Steve Lohr’s book ‘GO TO—Software Superheroes’ is a treasure trove of anecdotes and insight into programming from the dawn of time—i.e. circa 1950 to the internet age. Today we take for granted the fact that by dragging and dropping a few controls, or by cobbling together a few lines of code, we can make machines do wondrous things. Back in the 1950’s things were very different.
FORTRAN
It took true software superheroes to both design the language and write the first FORTRAN compilers. At the time, the majority of machine code hackers doubted it would be possible to have a machine write their carefully crafted byte code. control into an application. There was universal surprise when John Backus’ ‘high level language’ actually ran pretty well as fast as machine code. Incidentally, IBM’s FORTRAN was openly distributed without charge.
IBM 360
IBM was pretty much in the programming driving seat through the 1960s and was first to experience trouble as machines and compilers grew in complexity. The IBM 360 was a $500 million ‘software morass’ before it emerged as ‘one of the business success stories of the postwar era’.
UNIX
The IBM 360 narrative thread leads to the next superhero—Ken Thompson—who introduced a distinctly sixties ethos. UNIX was developed in part as a reaction to IBM’s ‘authoritarian technocracy despised by so many students.’ Thompson studied the 360 manual (while driving down the freeway from Berkely!) and realized that much could be done to simplify the developer’s task. One big breakthrough came when Doug McIlroy implemented UNIX ‘pipes’—designed to ‘connect programs like garden hose’.
BASIC
GO TO gets behind the scenes of compiler development—for instance, Tom Kurtz and John Kemeny of Dartmouth College were inspired by C.P. Snow’s seminal work “The Two Cultures”. This convinced them of the need for programming to be part of the liberal arts curriculum—thus was BASIC born.
Office Automation
The tale of Microsoft’s rise to fame and fortune begins not with Bill Gates—but with Charles Simonyi, a Hungarian hacker who cut his programming skills on a Russian Ural II computer.

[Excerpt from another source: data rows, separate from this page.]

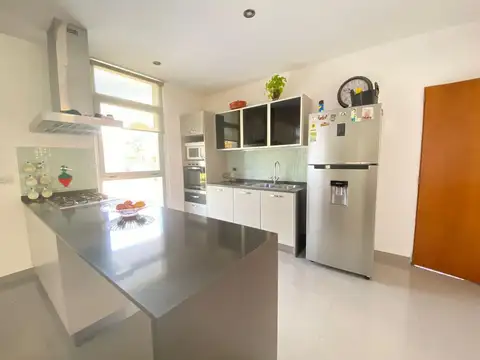 Casa en Venta con 3 cocheras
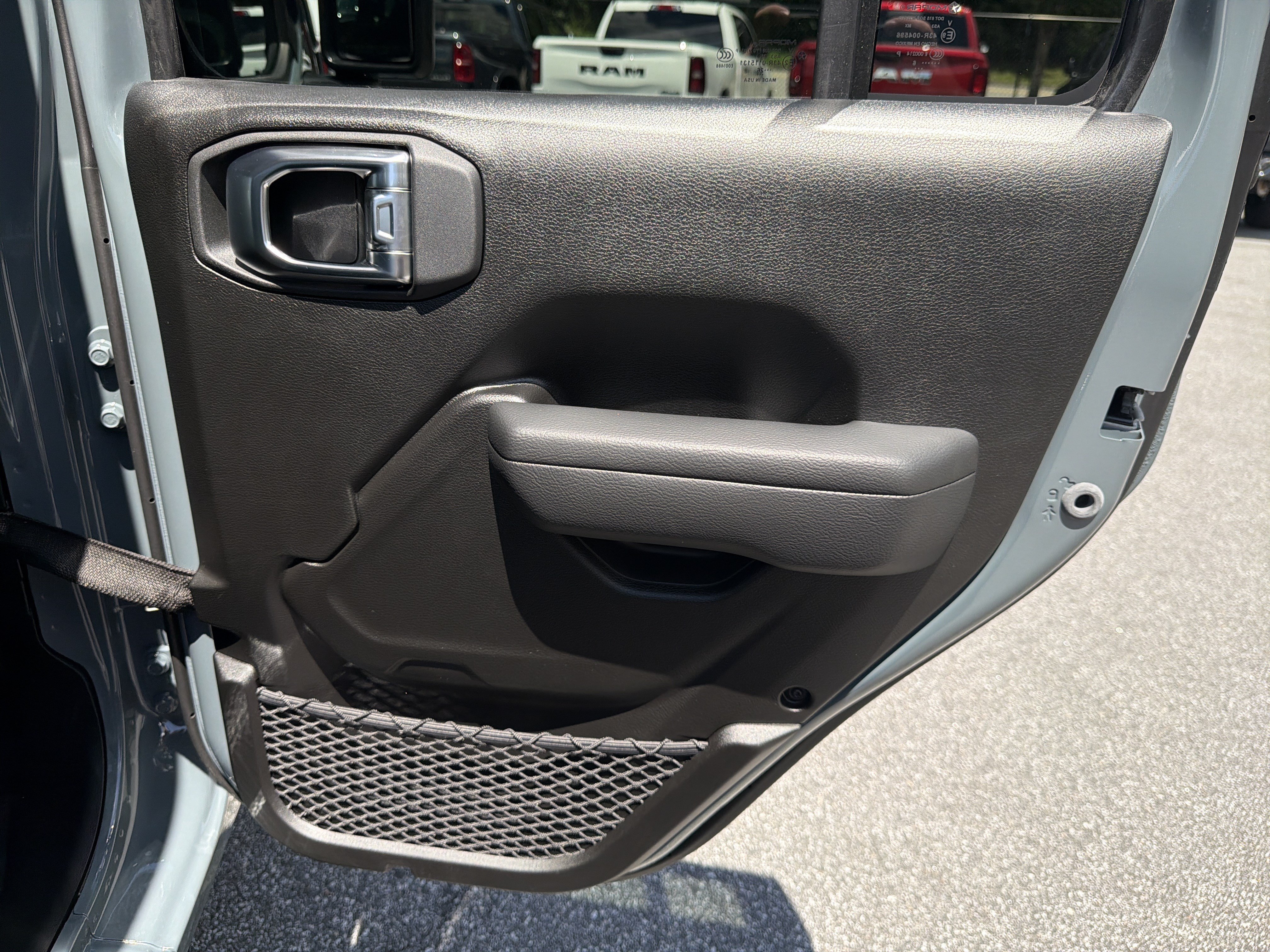 New 2026 Anvil Clear-Coat Exterior Paint Jeep Sport S image 19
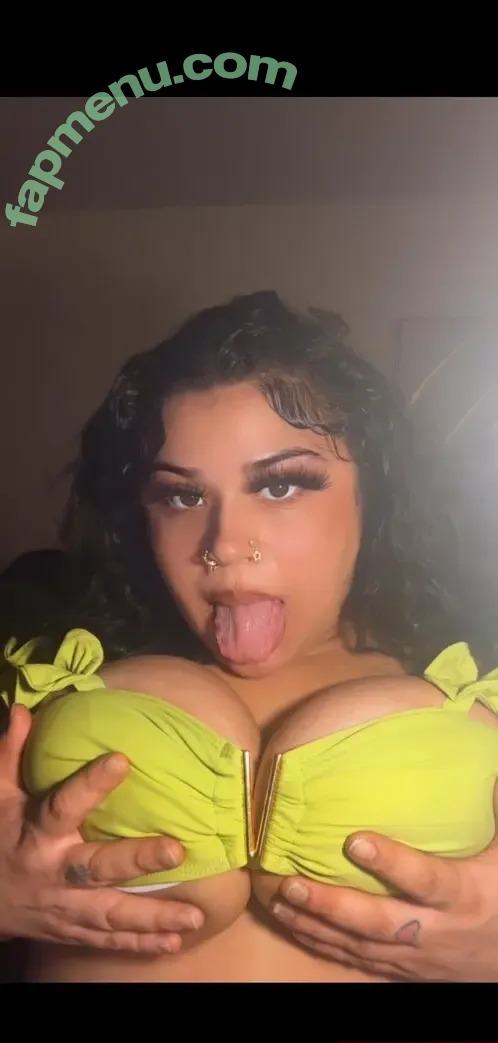 hennyybankss nude photo #0003 (hennyy_bankss)
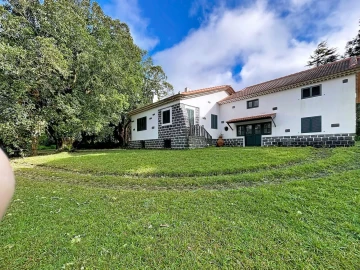 Moradia T5 para Venda em Santo Antonio da Serra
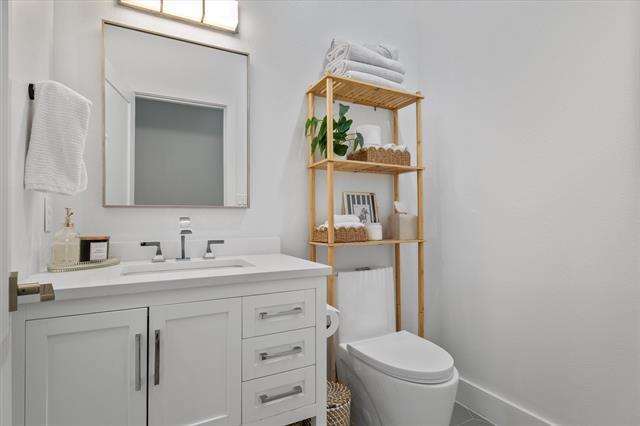 Building Photo - 2222 Moser Ave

After fleeing Hungary, Simonyi gravitated—like many others to the IT Mecca that was Xerox Palo Alto Research Center (PARC) where he worked with embryonic WYSIWYG editors. A peek at Dan Bricklin’s VisiCalc convinced Simonyi of the potential of what we now know as Office Automation. Subsequent meetings with Bill Gates made the rest ‘history’.
Successes
GO TO includes accounts of the births of Java, C++, Tim Berners-Lee’s HTML and the World Wide Web. GO TO offers real insight into what makes a computer language—from BASIC’s unlikely success to worthy failures such as ALGOL . Good design is not enough—languages must perform and satisfy real-world developers. A poor implementation can become a world beater given the right combination of timing and marketing! GO TO is full of forerunners of today’s technical and commercial debates.
Wilkes
All in all, GO TO manages to be simultaneously erudite and entertaining. Read it if you are interested in how we got where we are today, and how little is really new under the IT sun.. Talking of which, Cambridge University IT pioneer Maurice Wilkes observed that “it was not so easy to get a program right first time and that a good part of my life was going to be spent finding errors in my own programs”. Thus was the gentle art of debugging born—back in 1949!
GO TO—Software Superheroes, Steve Lohr/Perseus Books 2002. ISBN 1 86197 243 1.